Getoeter van een auto, toen van nog één en nog één. Miriam schoot bijna blindelings naar voren. Ze probeerde redenen te bedenken waarom Sunny en Heather blij zouden zijn dat ze hier niet waren. Het presidentschap van Reagan? Maar ze betwijfelde of de meisjes hun leven zouden hebben gegeven om dat te voorkomen. De muziek was nu eigenlijk beter, in Miriams middelbare oren, en ze vond de kleding van nu ook aangenaam, de mengeling van gemak en mode, tenminste bij sommige kledinglijnen. Ze zouden Austin ook leuk hebben gevonden, ook al vonden de inwoners dat de stad verpest was, ronduit verpest. Ze hadden hier goedkoop kunnen studeren, naar clubs kunnen gaan, hamburgers kunnen eten bij Mad Dog and Beans, migas proeven bij Las Mananitas, aan ijskoude margarita's kunnen slurpen bij Jorge's, en boodschappen kunnen doen bij Whole Foods, dat tegelijkertijd biologisch (bulkverpakkingen gerst) en decadent was (vijf verschillende soorten brie). Sunny en Heather zouden haar gevoel voor humor hebben gedeeld als ze eenmaal volwassen waren, besloot Miriam nu; ze zouden haar gevoel van hoe absurd Austin soms was, hoe bijzonder, met haar hebben gedeeld. Ze hadden hier prima kunnen leven.

En kunnen sterven. Ook hier stierven mensen. Ze kwamen om op bouwterreinen. Ze kwamen om bij beschonken auto-ongelukken, op de slingerweggetjes tussen de boerderijen en de marktjes in Hill Country.
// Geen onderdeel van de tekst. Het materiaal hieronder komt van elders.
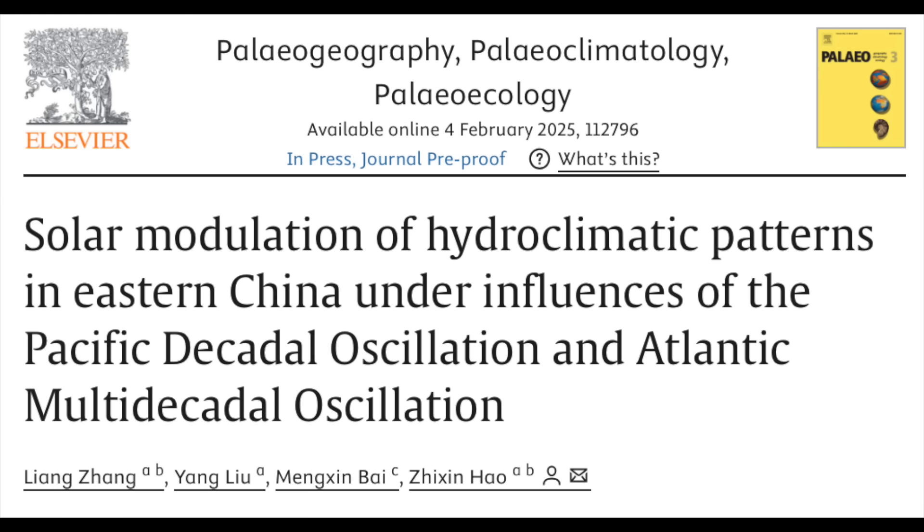Monsoon impact might be one of the most published-about connections to the sun's activity cycles. Here, we are confirming for the bajillionth time the importance of solar activity for hydroclimate cycles, especially the monsoons that feed four to five billion people between India and China.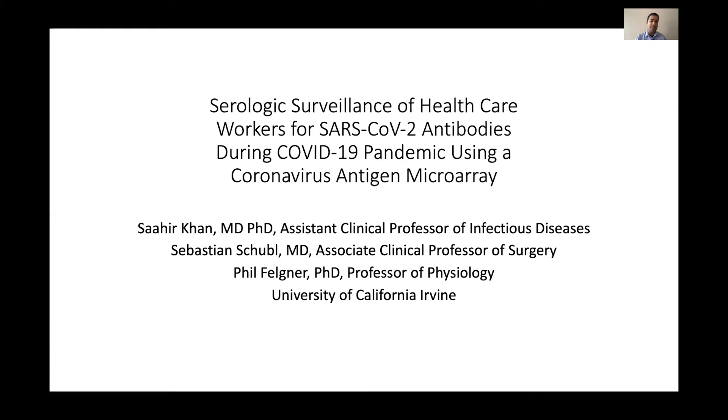For our healthcare workers, we want to see where we are — both to assess whether we're doing a good job with infection control practices, and whether there is a particular place in the hospital that is more at risk. We also want to know if we actually have a much higher rate of seropositivity in our healthcare workers than we thought based on our screening.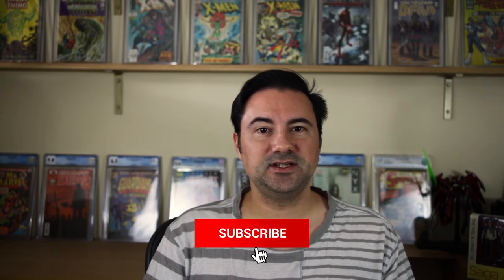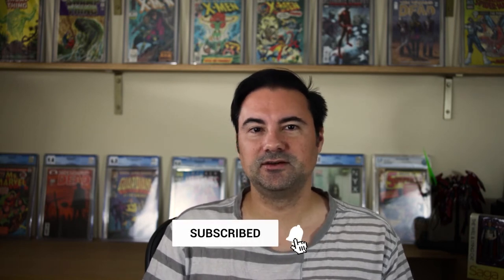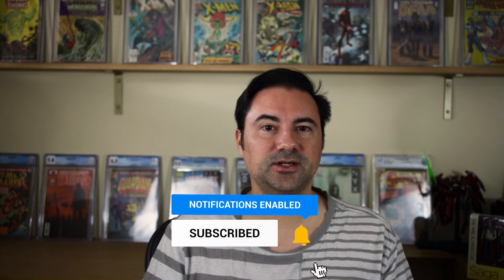Was there anything that I missed? Don't forget to comment and like this video and hit the subscribe button for more original comic art content. This is Steve from Cantu Comics signing off.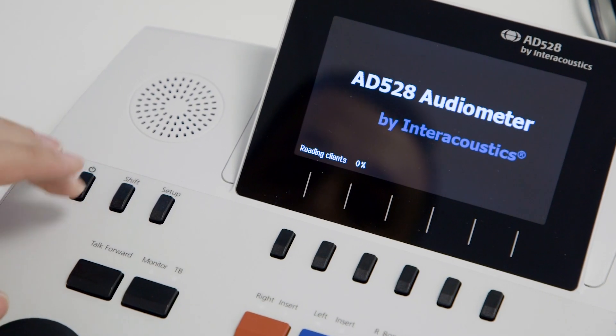The AD-528 is a diagnostic audiometer, meaning that it can do basic audiometry of air conduction, bone conduction, and speech audiometry. These are the core functions that you need in a clinic.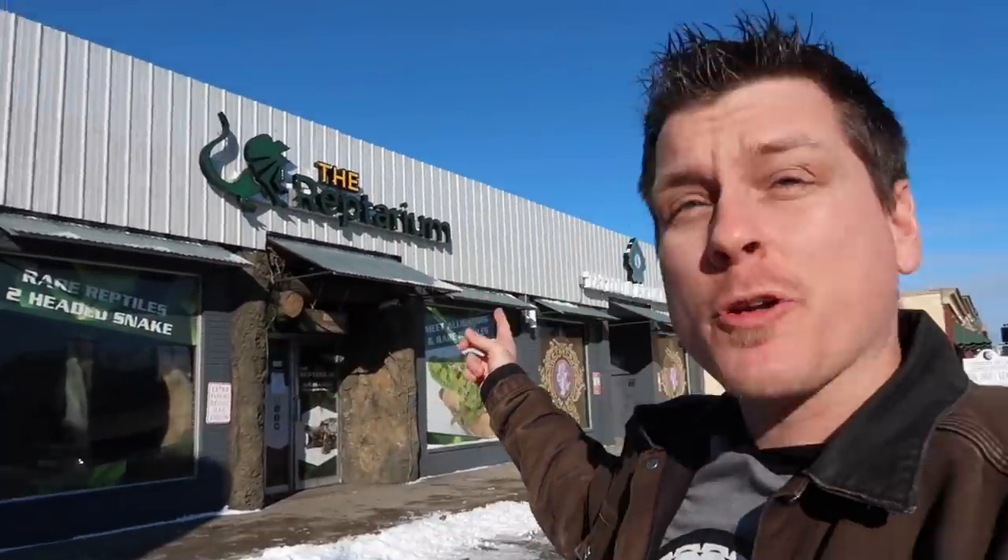Hey everybody, welcome back to Reach Out Reptiles. My name is Garrett Hartle, and I am currently freezing my butt off outside of the Reptarium. Let's go in and have a look.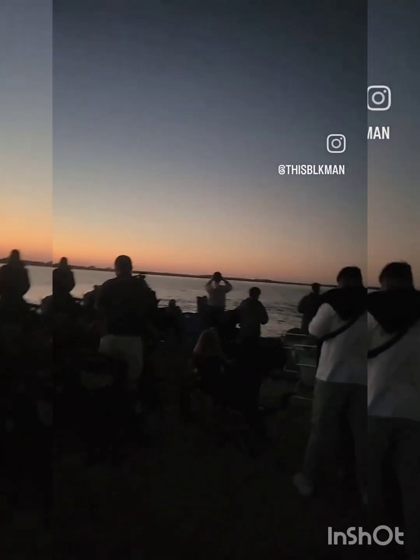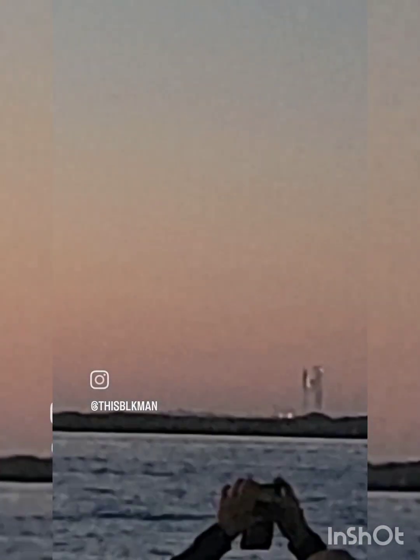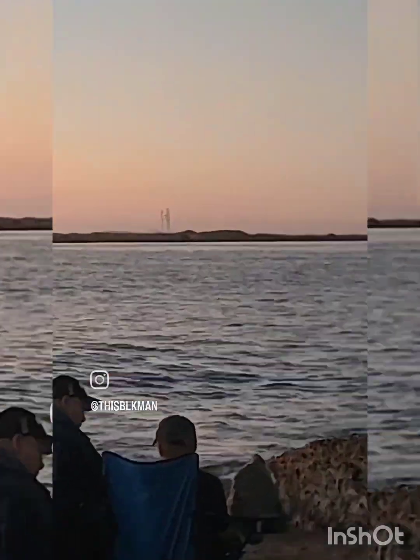My goal is to have my lens set up so I can get some captures from here, to where it's not obstructed by people standing. This might be a good spot, maybe.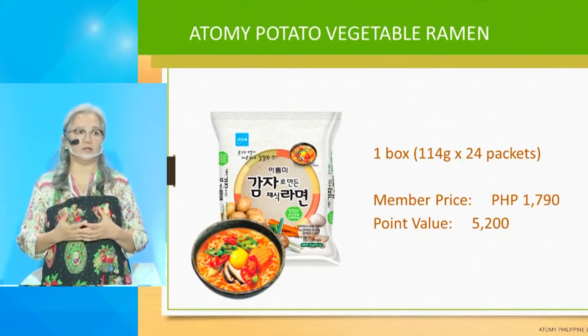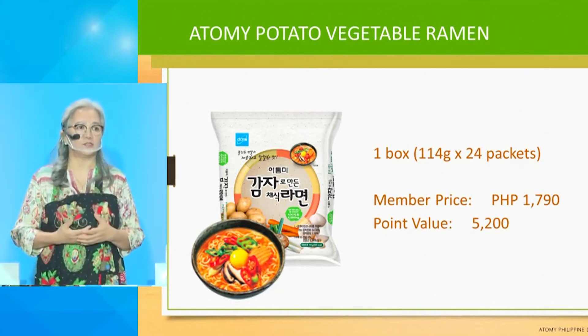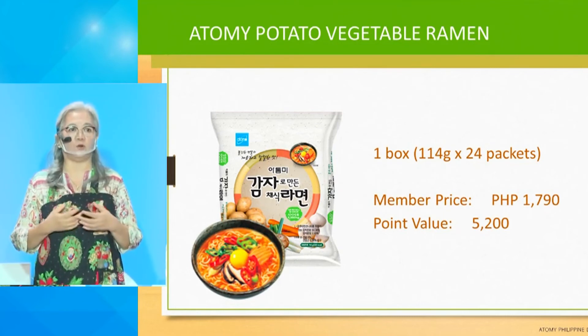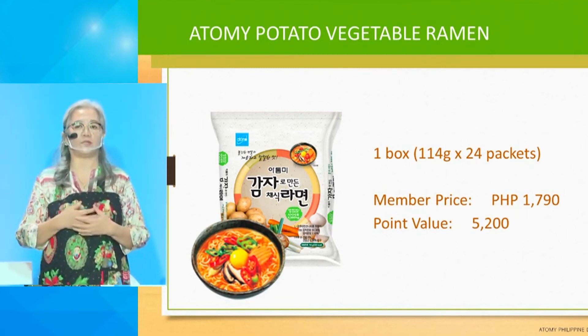Carrots are a weight-loss friendly food and have been linked to lower cholesterol levels and improved eye health. With all these benefits, our Potato Ramen is truly a full pack. One box is 1,790 pesos containing 24 pieces — so almost 75 pesos each. Our Potato Ramen can be eaten by two to three people because of the resistant starch that makes you full quickly. So if you are on a budget, want a complete meal, or are on a diet and avoiding rice, you can eat our Potato Ramen.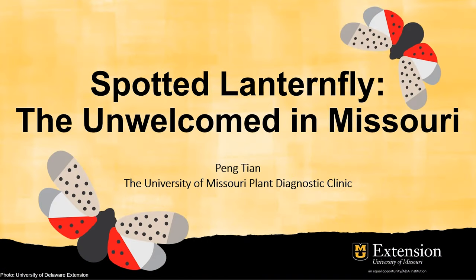Hello, everyone. My name is Peng Tian. I'm the director of the University of Missouri Plant Diagnostic Clinic. Today, let's talk about spotted lanternfly, the unwelcomed in Missouri.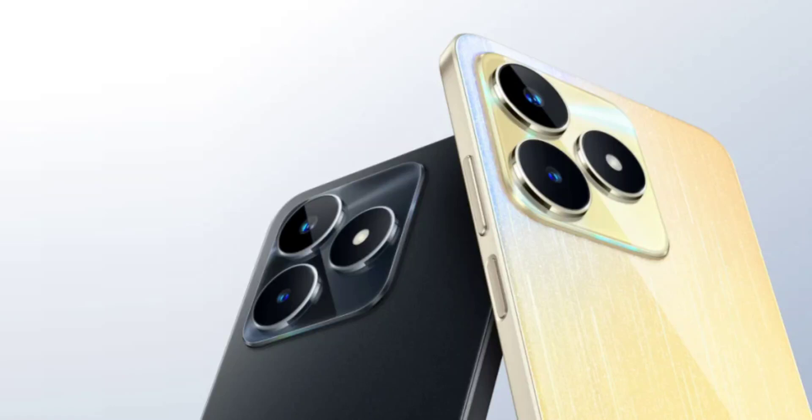Realme has added a new 8GB variant of its Narzo N53 smartphone to its lineup in India. The new variant features 8GB of RAM and 128GB of storage and is priced at Rs 11,999.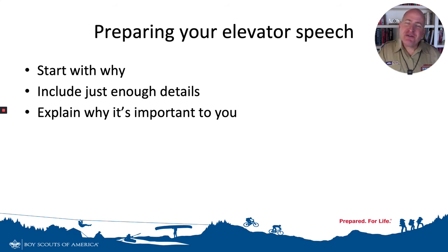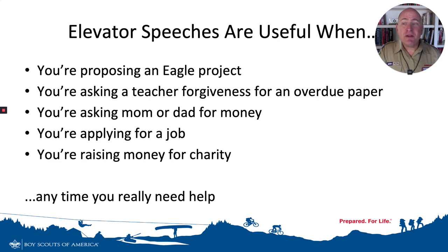Now, an elevator speech is important not just when you're getting your Eagle Scout service project done. There are lots of places in your life that you may use them. Here are some to think about: we talked about the Eagle Project, but what if you're asking your teacher for forgiveness for an overdue paper? Wouldn't it be nice to explain why in a more effective way? What about if you're asking mom or dad for money for an outing with your friends? Maybe you're applying for a job one day, or maybe one day you're asking to raise money for a charity. These same concepts of a short speech will serve you well. You can use this concept anytime you really need someone's help.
Ze verdronken in de overstroming tijdens het weekend van Memorial Day in 1981, toen het water zo snel en zo woest was gestegen en de straten in verraderlijke rivieren waren verandert.

Miriam geloofde heimelijk – of beredeneerde heimelijk – dat haar dochters gedoemd waren om te worden vermoord, dat ze, als ze terug kon gaan in de tijd om de omstandigheden van die dag te veranderen, niet meer had kunnen doen dan het drama uitstellen of vervormen. Haar dochters waren bij hun geboorte gemerkt, bestempeld met een lot dat buiten Miriams macht lag. Het was de voornaamste opmerkelijkheid van een adoptie-ouder zijn: het gevoel dat er biologische factoren zijn waar ze nooit controle over zou hebben. Destijds had ze het gevoel gehad dat het gezond was, dat ze toegaf aan de realiteit dat biologische ouders – nooit de natuurlijke ouders, hoewel je die tactloze kreet zelfs in het goedbedoelende Austin nog steeds wel eens hoorde – dat de biologische ouders dit moeilijker vonden om te accepteren. Ze kon zich niet overal druk om maken als het om haar kinderen ging.

Natuurlijk had ze het voordeel dat ze een deel van Sunny en Heathers familie kende, hun grootouders van moederskant, Isabel en Herb Turner. Wat had Miriam zich schuldig gevoeld over haar onaardige eerste indruk van hen toen ze hun hele verhaal hoorde, over hun mooie dochter, Sally, die op zeventienjarige leeftijd was weggelopen om met een man te trouwen die haar ouders niet goedkeurden en daarna hun hulp weigerde te accepteren tot het te laat was. Dit moest in 1959 zijn geweest, toen weglopen met je minnaar nog steeds werd gezien als een komisch avontuur: de ladder tegen het raam, het jonge stel dat altijd werd betrapt, maar toch altijd de zege van hun ouders voor zich wist te winnen. Dit was in de tijd dat getrouwde stellen op televisie nog in aparte bedden sliepen en toen seks nog zozeer werd verborgen dat jonge mensen het gevoel moeten hebben gehad dat ze uit elkaar zouden barsten van al die emoties en gevoelens waar niemand het ooit over had. Miriam wist het. Miriam herinnerde het zich. Ze was niet zoveel ouder dan Sally Turner.